The difference, he says, between this and previous recessions is the integration of high finance into “ordinary life”, which makes the impact of the financial dysfunction far greater.
“The impact of September 15th was being felt by the end of that week in the local pub and, on the high street, I’d bet that spending started to fall almost immediately. At the micro level it was true that people found it more difficult to get a mortgage,” he says.
“Money and finance are great transmitters of sentiment in a way that economics is not. If I think, tomorrow I won’t get any more on my credit card, I will stop spending immediately.”
The book progresses from “Meltdown Monday” through the major landmarks of the crisis: the AIG bailout, HBOS, the failed TARP vote in Congress and everything in between,
The global nature of the events revealed the local interests of the media he says: “While I was covering Bradford & Bingley, European journalists were covering Fortis. Fortis didn’t even get mentioned in London on the television news and you had to dig deep into the papers on that second Monday to even find any reference to it, but it raises issues about the transnational nature of banking and the role of the European regulator.”
History, he says, will judge harshly the slowness of the reaction of policy makers. “I was talking to policy makers and their advisers and they didn’t know what quantitative easing was,” he says.
“Three days after it started, I was talking to people in finance who were telling me they [the governments] had to nationalise the banks, write off the debts and print money like we’ve never seen. They told me, ‘it’s called quantitative easing and if I were you I would look it up’. So, being an obedient journalist, that’s what I did.”
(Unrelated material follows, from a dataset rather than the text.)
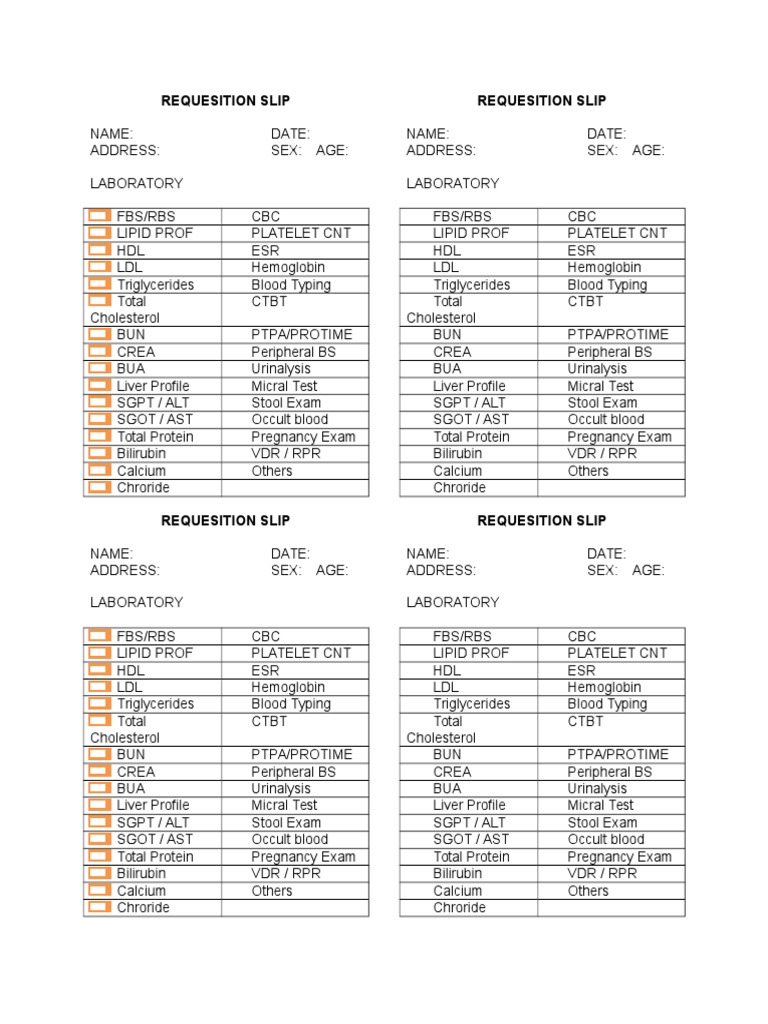 Laboratory Requisition Slip | PDF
He was struck by the “level of cognitive dissonance” at all levels of government, who knew no other solution than that offered by the free market, and he is equally scornful of the Third Way. “The great un-admitted truth about this crisis is that it proves that the Third Way doesn’t work. None of these governments, except those in eastern Europe, were rip roaring free-market capitalists. They had all accepted that limits needed to be put on the free market. But the form that those limits took meant that social objectives were imposed everywhere except finance. Finance was left alone. This was because they don’t understand it and not many politicians come from that world.
“Their approach was: ‘We don’t care what you talk about on your yachts in the Caribbean, but just keep providing the tax dollars.’ That was the deal and that has collapsed.”
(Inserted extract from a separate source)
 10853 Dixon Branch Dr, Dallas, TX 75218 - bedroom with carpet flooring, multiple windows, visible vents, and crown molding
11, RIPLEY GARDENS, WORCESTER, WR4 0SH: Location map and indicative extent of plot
Why did they not nationalise immediately? “Because they didn’t want to admit that the game was over.” The game, in this context, is the free market ideology of neo-liberalism.
The second half of the book slows the pace and attempts to analyse what has happened. By Mason’s own admission, the speed at which the book has come to market makes this job difficult. His main thrust is that the crisis signals the end of the era of neo-liberalism, the free-market dogma that has defined the last 20 years.
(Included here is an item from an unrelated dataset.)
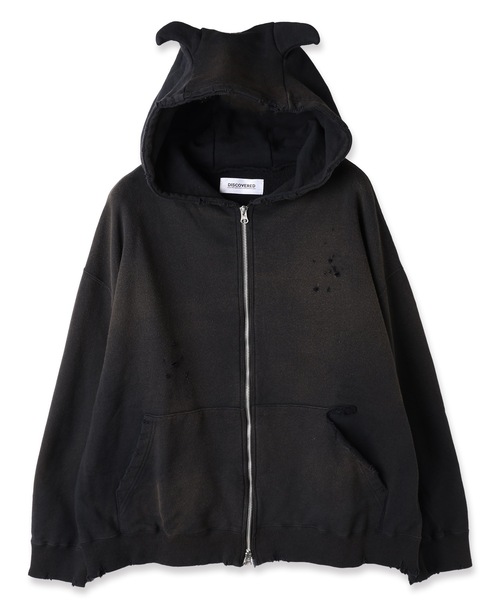 DEVIL EAR DAMAGE HOODIE — худи с прорезями 'Devil Ear'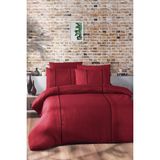 First Choice Elegant %100 Pamuk 150 Tc (56 Tel) Jakarlı Çift Kişilik Nevresim Takımı - Kırmızı - 200 x 220 cm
Neo-liberalism, he says, has brought five negative impacts: inequality in the developed world, the rise of personal debt in Anglo-Saxon economies, redistribution of profits from non-financial to financial sectors, growing personal and financial insecurity and what he calls the ‘relentless commoditisation of aspects of human life’.
Put more succinctly, he paints a bleak picture. “Borrow big time, negotiate your own salary, duck and dive, migrate if you have to. . . but lock your door at night. And let your hair down. They can treat you like shit at work, but they can’t tell you who to sleep with, or what time the pubs close any more.”